Pas question de se censurer – même si ça lui a valu un passage coupé pour Génération Paname à La Cigale. Il faut dire que Darmanin a eu gain de cause. Forcément, puisque “un viol c’est quand la femme n’est pas d’accord, et que l’homme n’est pas ministre” !

Mais si Mathieu a tendance à aborder des sujets sensibles (qui ne devraient pas l’être), il le fait toujours avec maladresse… et minutie, embarquant le public avec lui. Pas d’attaque, pas d’insulte, juste la volonté de soulever des sujets qui méritent réflexion. Des sujets compliqués que l’on peut avoir tendance à ranger au fond du placard pour ne pas les voir ! Pourtant…

« Adresser des sujets qui angoissent, c’est hyper salvateur. Quand c’est bien fait, ça fait du bien à tout le monde. Ce sont les meilleurs rires, parce qu’ils partent sur un truc qui est vraiment… “ouf, il en parle !”. Je pense qu’il y a moyen, aussi, que l’humour réunisse. Que ce soit un lieu où on se retrouve. […] La personne qui est le plus moquée, c’est évidemment moi. »

Dans sa recherche d’angles et de blagues, Mathieu cherche simplement à décomplexer sur des sujets de société, à déclencher des rires et toucher un maximum de personnes. Peu importe les idées, la classe, les lieux de vie, le rire est aussi l’occasion de se réunir !

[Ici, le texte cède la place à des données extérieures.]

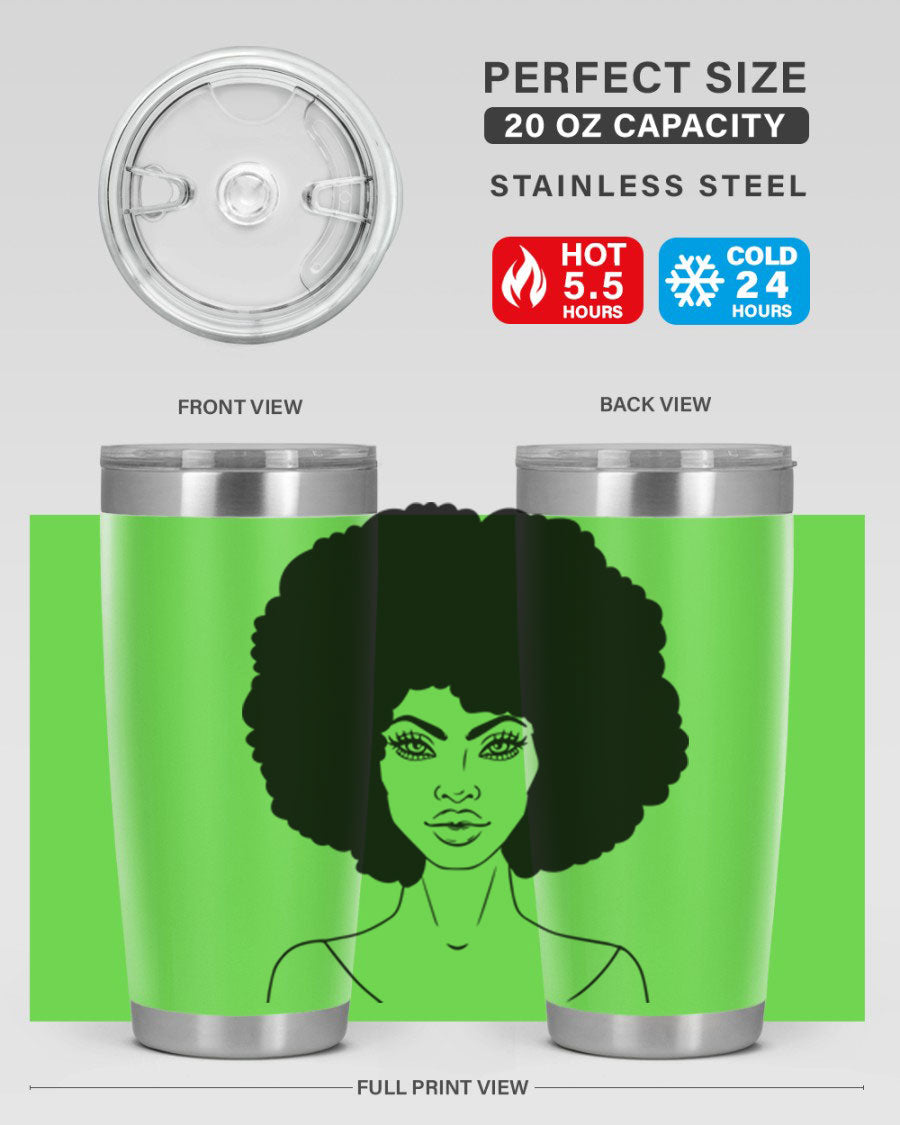 Black Women - Queen 79# Tumbler showcasing a stylish design with double wall vacuum stainless steel and copper lining.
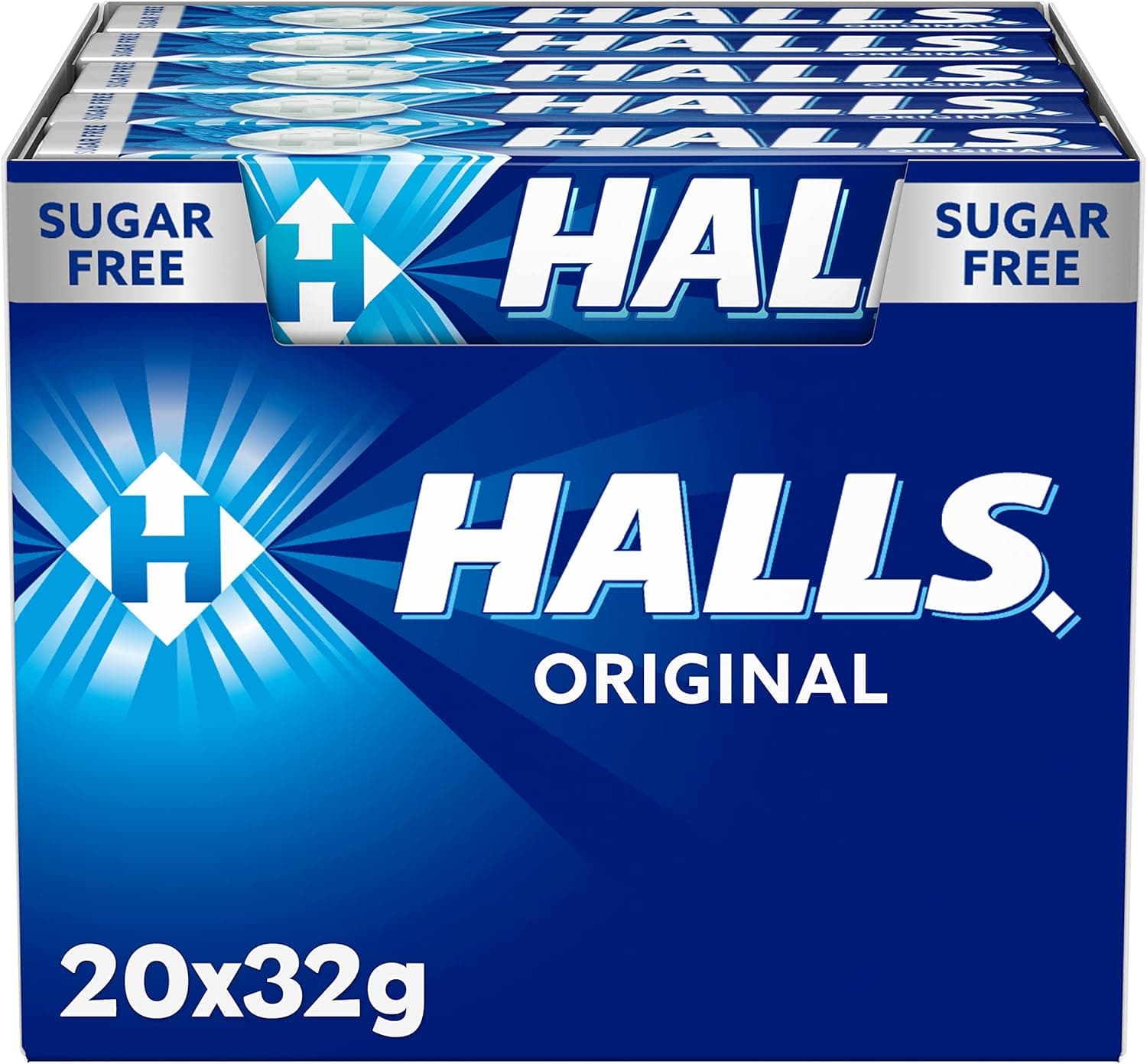 Halls Eucalipto - caramelo duro, caixa com 20 varas de 32 g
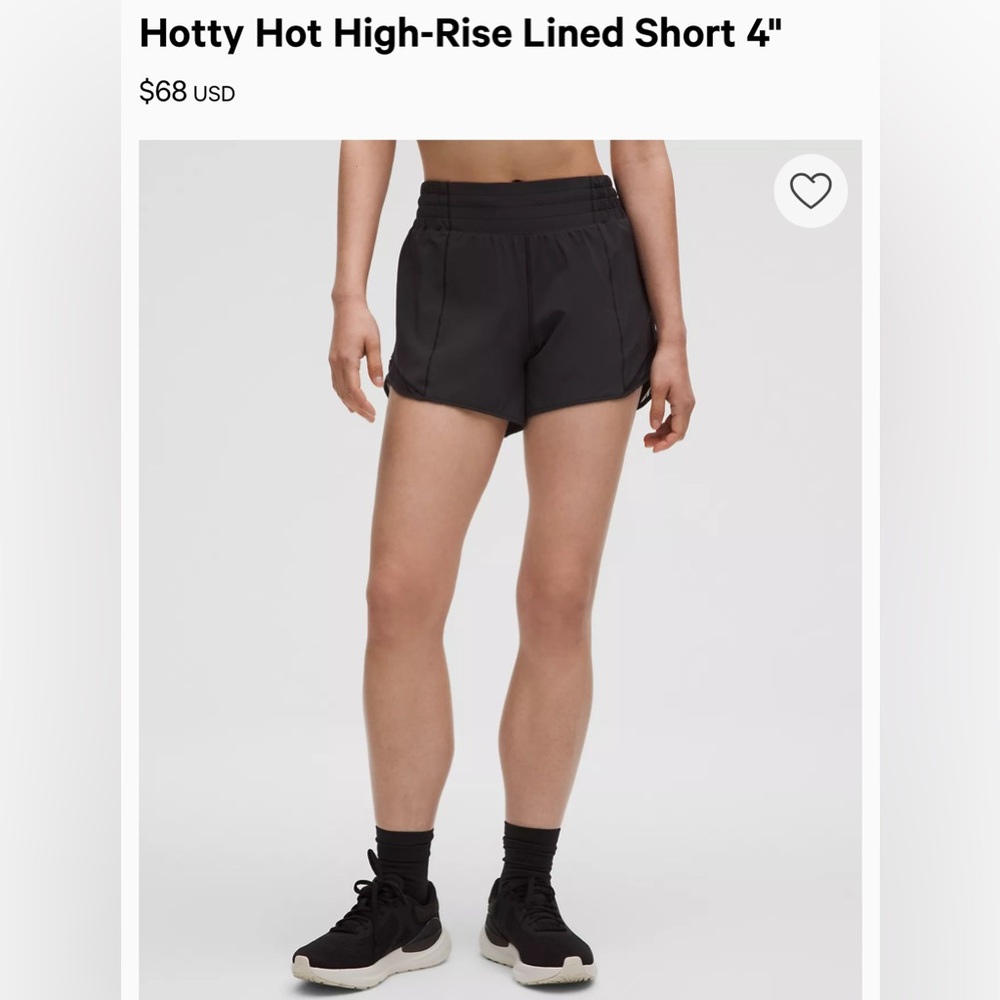 Lululemon Hotty Hot High-Rise Lined Short 4"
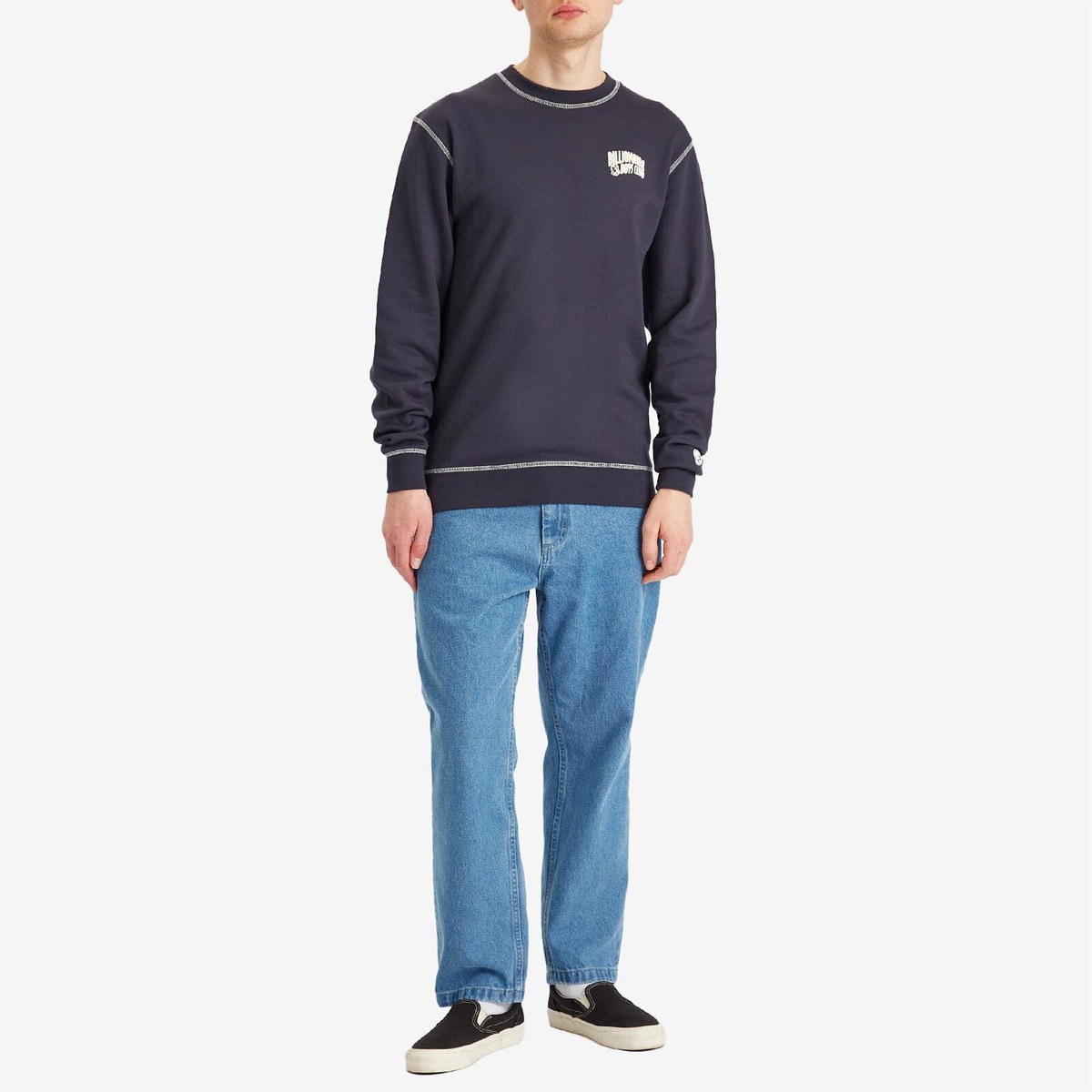 Billionaire Boys Club Men's Small Arch Logo Contrast Stitch Sweat in Navy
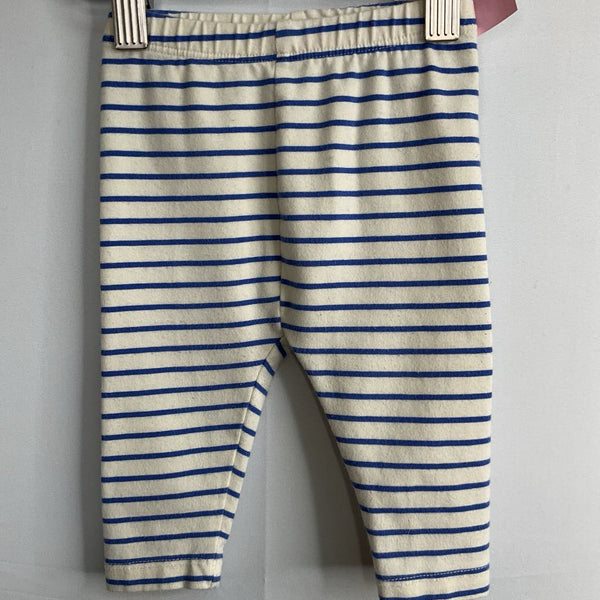 Size 0-3m (50): Hanna Andersson White/Blue Striped Cozy Pants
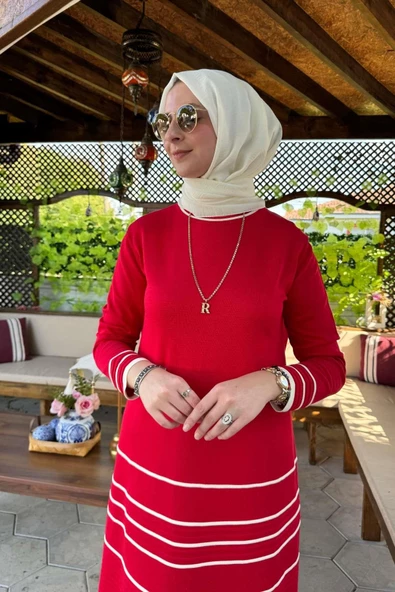 Hayal Triko Elbise Kırmızı - 5
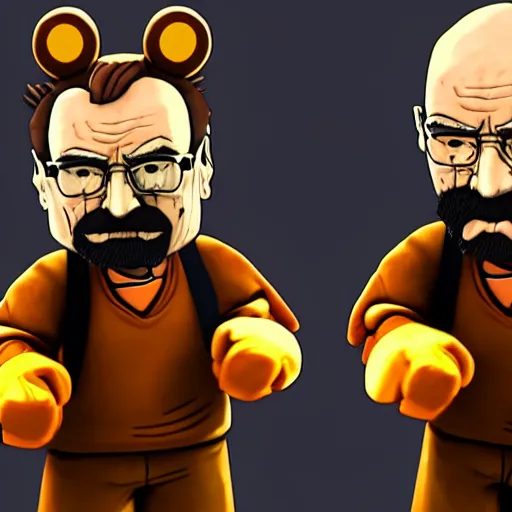 Prompt: walter white from breaking bad fighting freddy fazbear with his fists, 4 k, hyper realistic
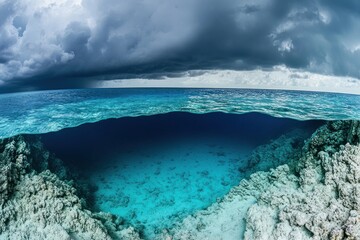 Ocean's Depth: A Dramatic Underwater Panorama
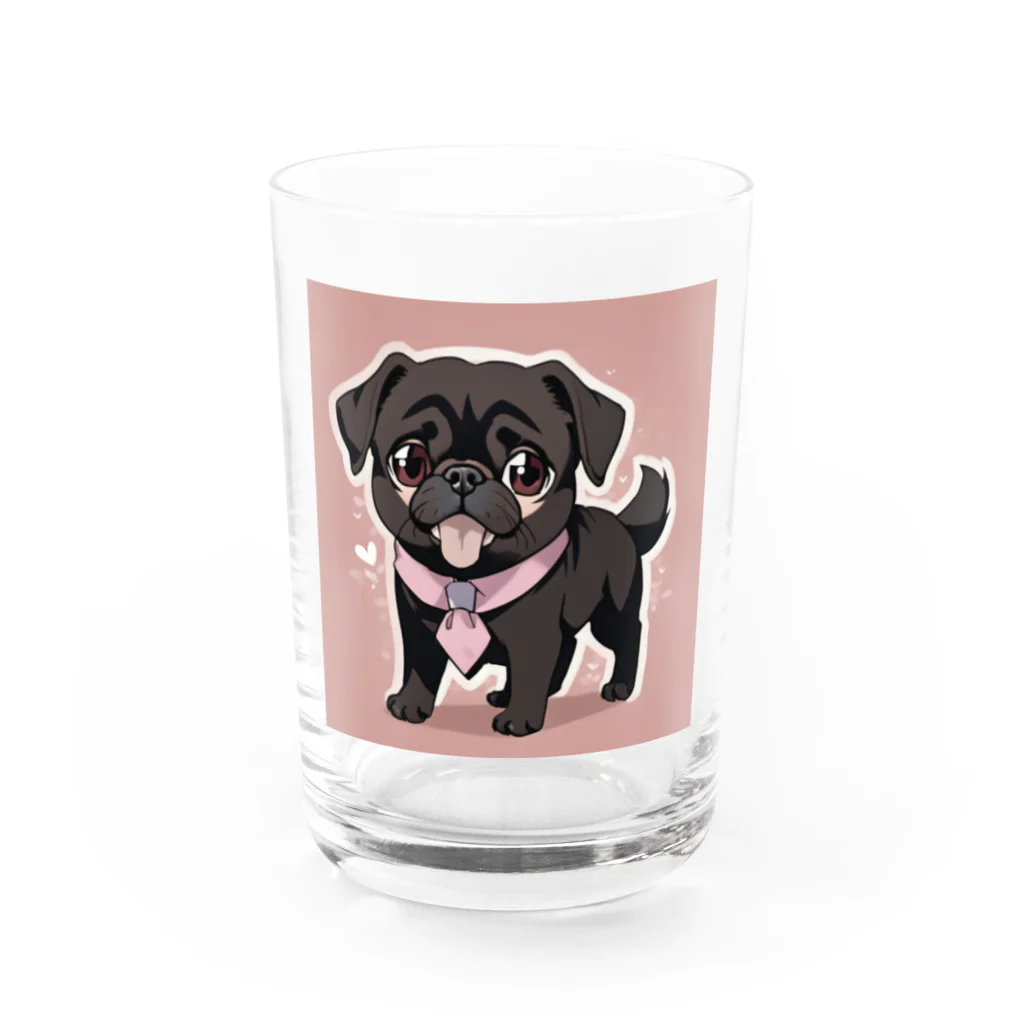 pug 89の黒パグ Water Glass :front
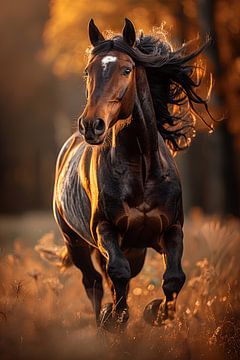 Majestueus paard in het gouden licht van de zonsondergang van Felix Brönnimann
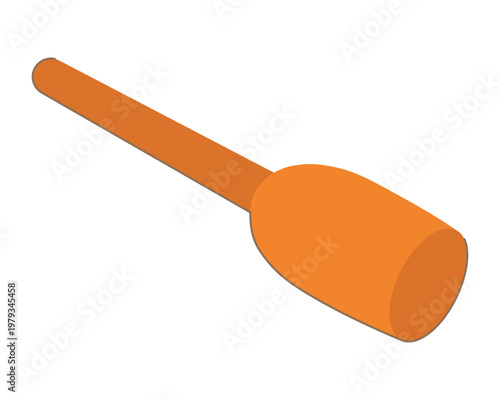 Minimalistic vector graphic of a potato masher. A mashing tool in a bright orange color. Ideal for cooking video tutorials, websites, and mobile app icons. Flat design.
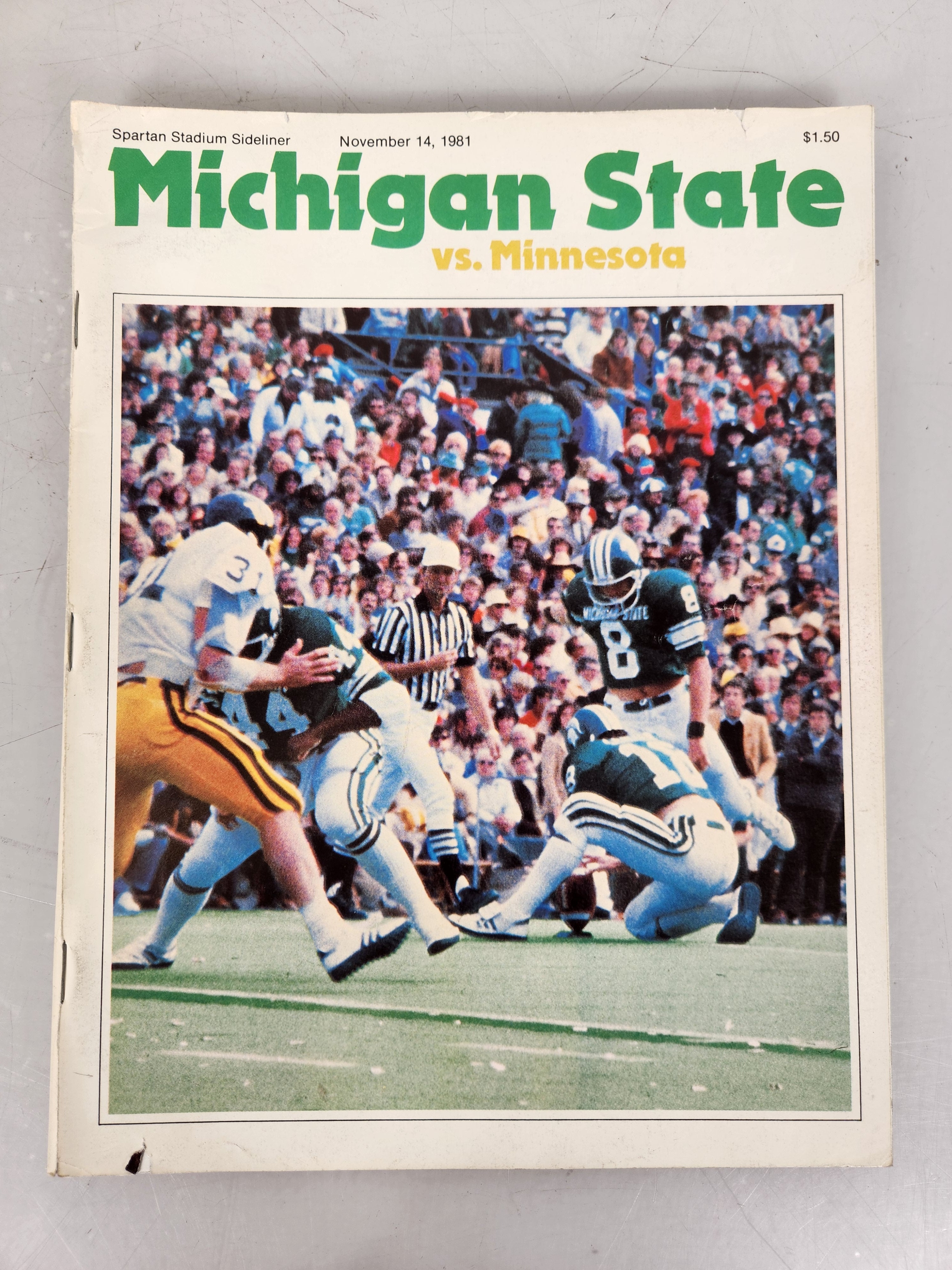 1981 Michigan State vs Minnesota Spartan Stadium Sideliner Football Program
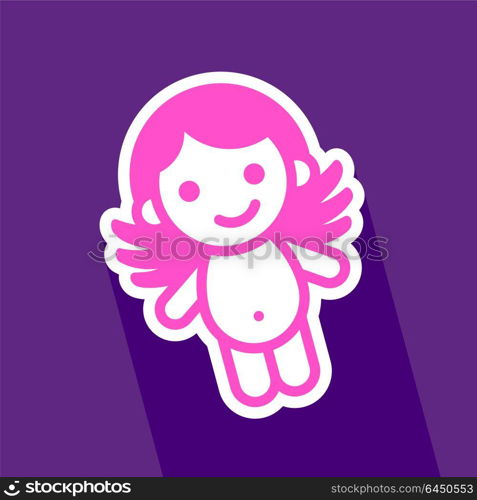 Colored sticker angel. Colored sticker angel on violet background, vector illustration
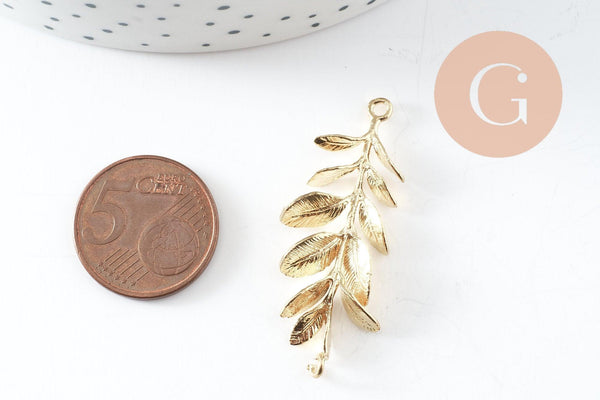 Pendentif feuille laurier laiton,breloque laiton brut, feuille laurier bijoux,pendentif laiton brut, 43mm, x2 (G0432)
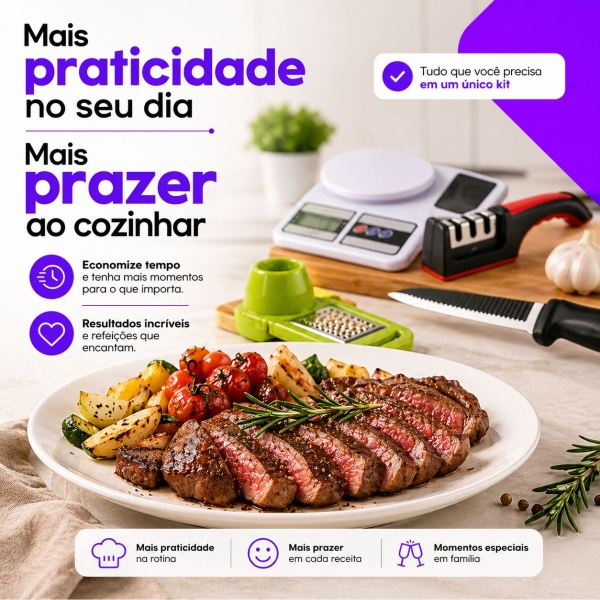 Kit Cozinha 4 Em 1 Balança Digital Faca Afiador Ralador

« Ça me paraît compliqué de ne pas en parler. Il doit y avoir moyen de trouver des angles pour que tout le monde rigole. Au-delà de “t’es d’accord avec moi.” Ce n’est pas intéressant de se conforter avec des gens qui sont d’accord avec toi. J’ai vraiment envie de pouvoir jouer partout, d’arriver à faire rire énormément de gens, dans des groupes vachement divers de la société, tu vois. »

Alors, pourquoi se fixer des limites – si ce n’est celle du respect ? Mathieu profite de l’impro pour tester et construire ses vannes collectivement, avec le public. C’est aussi pour ça qu’il a monté un plateau de 3×30 au Grisbi, qui offre un lieu approprié pour improviser, imaginer et créer des choses en live. 

« C’est ça que j’adore, aussi : on se découvre les uns les autres. En thématisant les impros, les spectacles se construisent collectivement. […] Tu peux faire des trucs qui vont éventuellement faire du bien aux autres. Prendre un sujet de la vie, et lever un peu une angoisse sur quelque chose de dur, c’est hyper chouette. »

Son spectacle À l’Ouest, joué une trentaine de fois, continue à tourner avec la belle affiche réalisée par Mattesupreme. Et non, il n’y a pas que l’affiche qui vaut le coup ! Ses passages sont l’occasion de passer un bon moment, de s’oublier un peu avec un personnage qui sort de l’ordinaire et nous partage un peu de sa connerie. De quoi se marrer… et peut-être même éviter de perdre le Nord !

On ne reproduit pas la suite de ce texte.